Les artistes " Fluxus " vivent partout dans le monde et officiellement, rien ne les relie entre eux si ce n'est une certaine façon de concevoir l'art à partir des influences qu'ils ont subies. Ce qu'ont en commun les artistes " Fluxus ", c'est une attitude commune envers l'art, une volonté d'innover.
Pendant une certaine période en 1966, Fluxus semble organisé avec la publication de la Charte, et Ben Vautier à Nice, Georges Maciunas à New York, Beuys et Vostell en Allemagne. A la fin des années 60, I'on constate une certaine baisse de l'impact de Fluxus, puis une reprise au début des années 70 avec la rétrospective organisée par Harald Szeemann. Enfin, au milieu des années 70, une nouvelle génération d'artistes s'intéressent à Fluxus.
Ainsi que le dit si bien NamJune Paik: " Fluxus n'est pas un mouvement; c'est un état d'esprit avec lequel on vit, avec lequel on mourra... "

(3) Nam-June PAIK

1932: Naissance à Séoul.
1956: Diplôme d'histoire de l'art et d'esthétique-Université de Tokyo.
1957: Études à l'Université de Munich.
1958: Participation aux recherches de Stockhausen et de Nono au Studio de Musique Électronique de Cologne. Rencontre avec John Cage et David Tudor.
1961: Participation au ler Festival Fluxus de Wiesbaden. Rencontre avec Georges Maciunas et Wolf Vostell.
1963: Participation à " Music and Electronic T.V. ", Galerie Parnasse, Wuppertal.
1964: Voyage au Japon - Rencontre avec Shuya Abe - Construction du robot, puis du synthétiseur Abe-Paik.
Voyage à New York- Rencontre avec Charlotte Moorman.
1965: Tournée en Europe avec Charlotte Moorman.Réalisation de la 1re bande " Café Gogo "à New York sur portapack Sony.

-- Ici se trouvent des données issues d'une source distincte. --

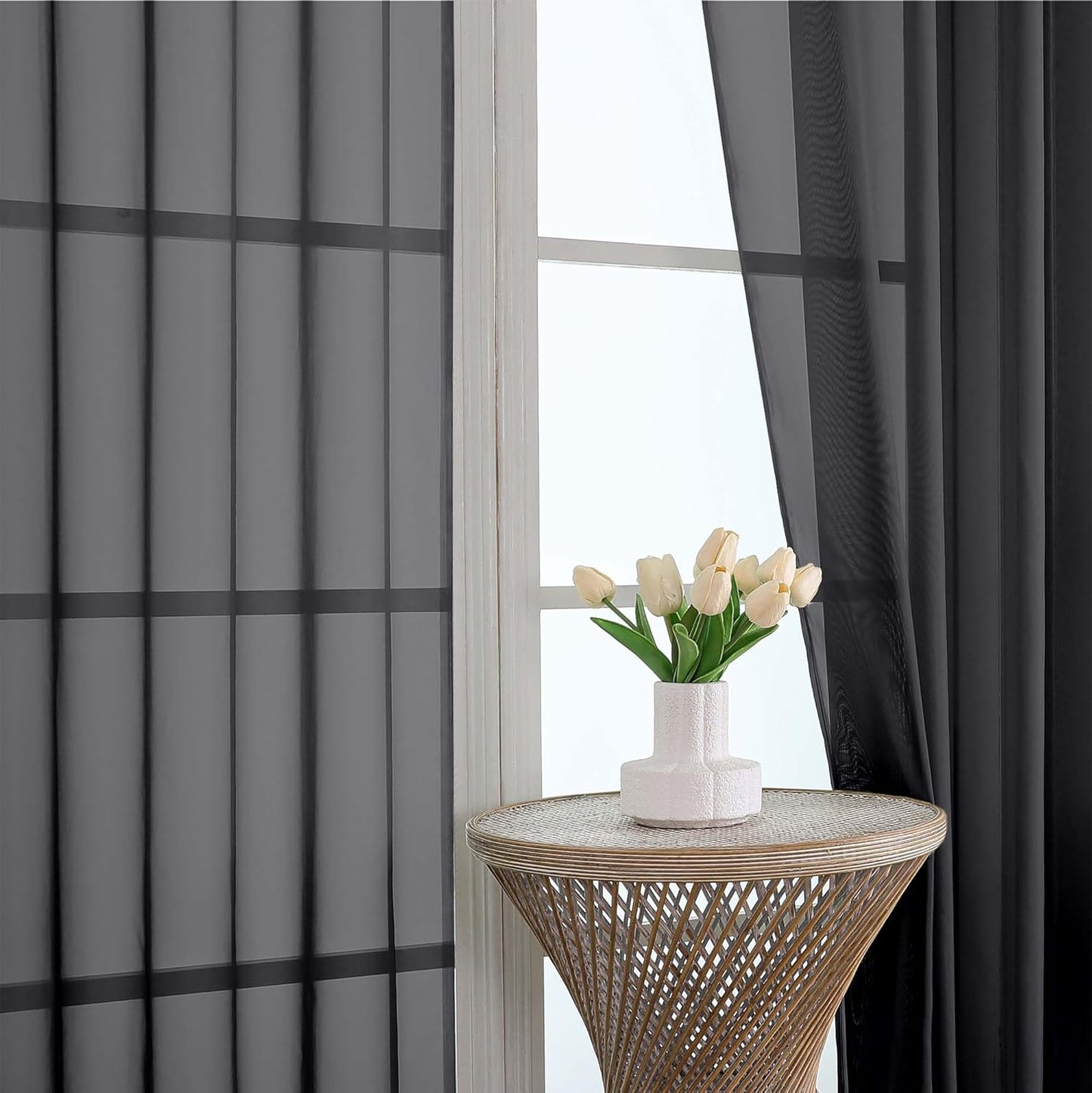 Chyhomenyc Black Sheer Curtains 78 Inches Long 2 Panels Set for Living Room, Light Filtering Voile Lightweight Bedroom Curtains, Rod Pocket Solid Window Treatment Drapes, Each 42W x 78L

Participe au Festival d'avant garde de New York.
1967: Exposition à la Howard Wise Gallery, New York.
1968: Exposition Électronic Art II, Galerie Bonino, New York.
1969: Exposition " T.V. as a creative medium ", Howard Wise Gallery, New York.
1970: Happening Fluxus à la Kunstverein de Cologne.
1971: Concerto pour violoncelle et bandes vidéo avec C. Moorman.
1972: Consttuction de " T.V. Bra for a living sculpture ". " T.V. Bed " , projet vidéo pour Charlotte Moorman.
1973: Réalisation de " Global Groove ".
1974: " Videa & Videology ", Everson Museum, Syracuse (N.Y.)
Réalisation de " Video Bouddha " et de " T.V. Cello " .
Réalisation de " A tribute to John Cage ".
1975: " Suite 212 " (présentée sur le Channel 13 de la W.N.E.T.).
1976: " Fish flies in the sky ", Galerie Bonino.
" Guadalcanal Requiem ".
" Moon is the oldest T.V. "-Installation Galerie René Block N.Y.
1977: Rétrospective-Stedeilik Museum, Amsterdam.
1978: Rétrospective A.R.C., Musée d'Art moderne de la Ville de Paris.
Installation " Video gardens ", Centre Pompidou, Paris.
1982: Rétrospective Whitney Museum, New York.
Prix spécial du Festival d'art vidéo de Locarno.
" Allen and Allan's complaint " .
1983: Installation tricolorvidéo (300 moniteurs) Centre Pompidou.